_PROBLEM_: From the entries below, please output exactly the lines starting at the one containing "Renault Kangoo II" and ending at the one containing "New 2026 Volkswagen Jetta Sport image 5", both included.

_INPUT DATA_:
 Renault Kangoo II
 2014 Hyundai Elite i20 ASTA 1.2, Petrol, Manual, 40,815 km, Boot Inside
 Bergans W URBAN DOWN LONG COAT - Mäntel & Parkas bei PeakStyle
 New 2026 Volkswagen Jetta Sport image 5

...

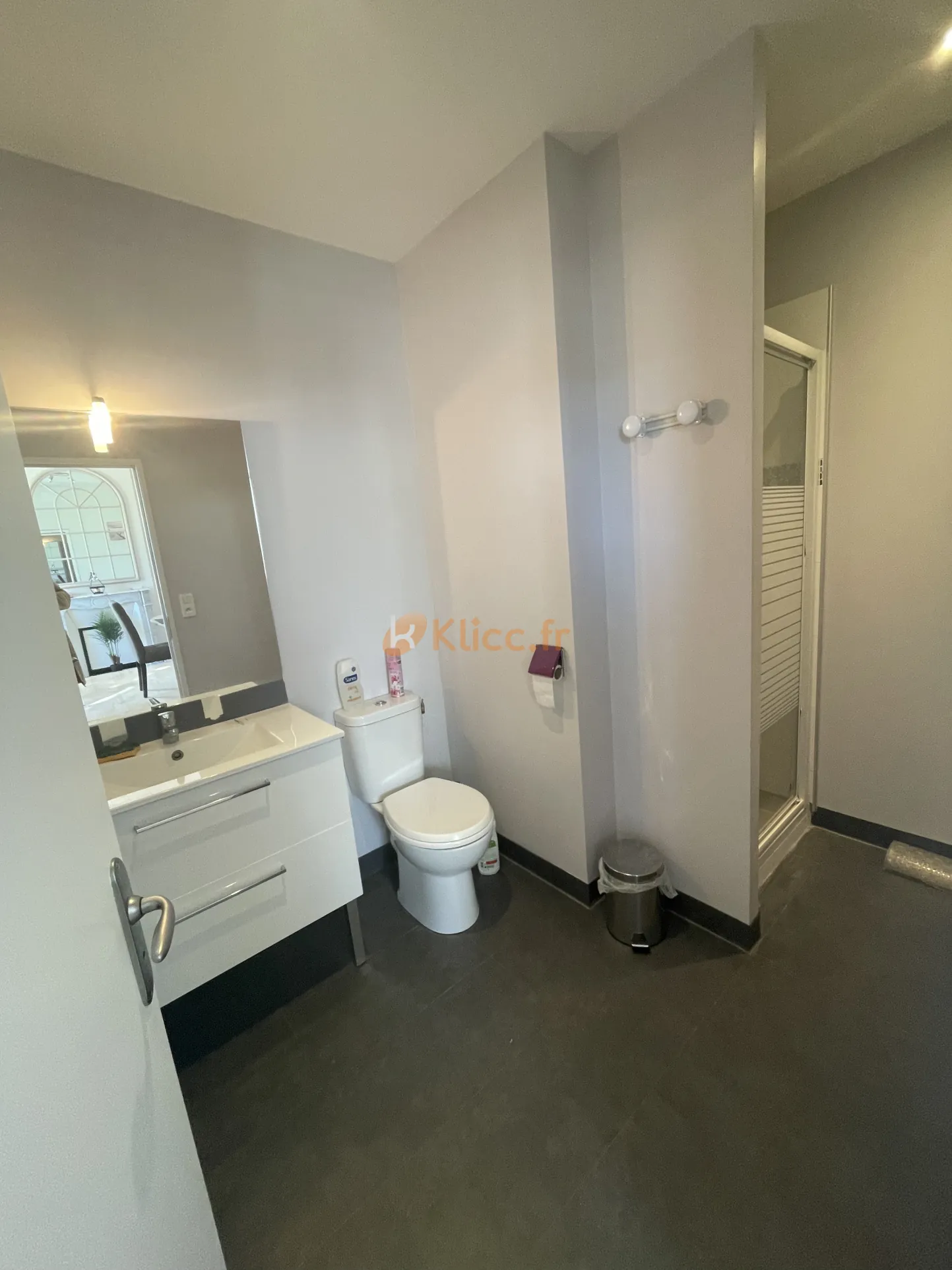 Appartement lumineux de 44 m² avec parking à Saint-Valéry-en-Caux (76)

_RESULT FOR THIS TASK_:
 Renault Kangoo II
 2014 Hyundai Elite i20 ASTA 1.2, Petrol, Manual, 40,815 km, Boot Inside
 Bergans W URBAN DOWN LONG COAT - Mäntel & Parkas bei PeakStyle
 New 2026 Volkswagen Jetta Sport image 5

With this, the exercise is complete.